As we advance further into the twenty-first century, minimalism continues to gain popularity in décor, style and architectural schemes.  Millennials fight relentlessly to rid the world of clutter, confusion and complications.  They despise walls crowded with hangings that cover every square inch of available space.  They much prefer empty shelves over loaded curio cabinets.  The bare, clean look is in. 

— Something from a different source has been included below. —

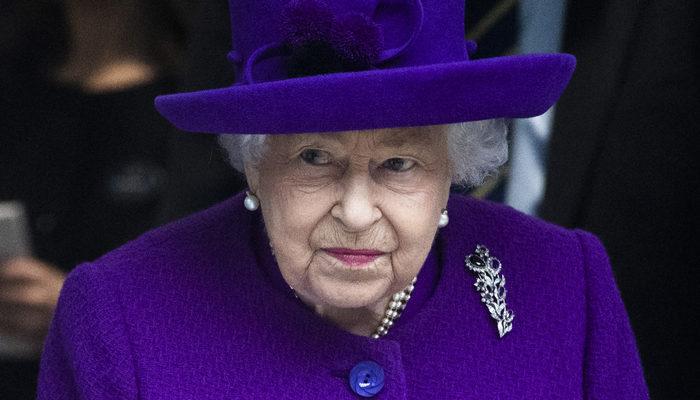 İngiltere'de Kraliçe 2. Elizabeth'in tahttaki 70. yılında monarşi karşıtı kampanya!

This may not be my taste in decorating as much as it is in life, but I will say this.  Getting rid of clutter takes courage.  We live with far too many hitches, snags, anxieties, hang-ups and special considerations in our lives that do little else but restrict mobility and hamper productivity.  We carve out niches for this person, pockets for that kooky idea, nooks and crannies for favorite nuisances, concessions for otherwise impossible people and baggage rooms for problems that we can’t figure out how to solve (so we keep walking around them.)  What a relief to our bewilderedness when some courageous soul strides fearlessly into our lives and screams “Enough!  This is going, that’s history, and no more of something else!” We may feign protest, but secretly, we breathe, “Thank God!”  (Have you ever seen an estate sale?  When all is said and done, someone is going to come in and get rid of your clutter.  It’s not a pretty sight!)

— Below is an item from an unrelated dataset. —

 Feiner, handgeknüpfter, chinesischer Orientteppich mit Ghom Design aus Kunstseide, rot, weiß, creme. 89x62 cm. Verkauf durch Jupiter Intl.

There’s nothing like a good scare to force you to re-evaluate your priorities in life.  Gillian Mohney says, “An intense scare can do more than elicit a good scream; it can physically affect the body as the neurological system releases intense chemicals in response to a threat. For most the response to a fright is more or less harmless, with the body becoming primed to fight or flight its way out of a bad situation.” 

There’s one cliché I love and continue to use: “Cut to the chase!”  Get out your sword, your scissors, your utility knife and your wastebasket and start ridding yourself of time-wasters, problem-generators, redundant routines that accomplish little, and stressors that cause more aggravation than amity.  You can de-complicate your life if you try.  Simplify your existence.  Less is more.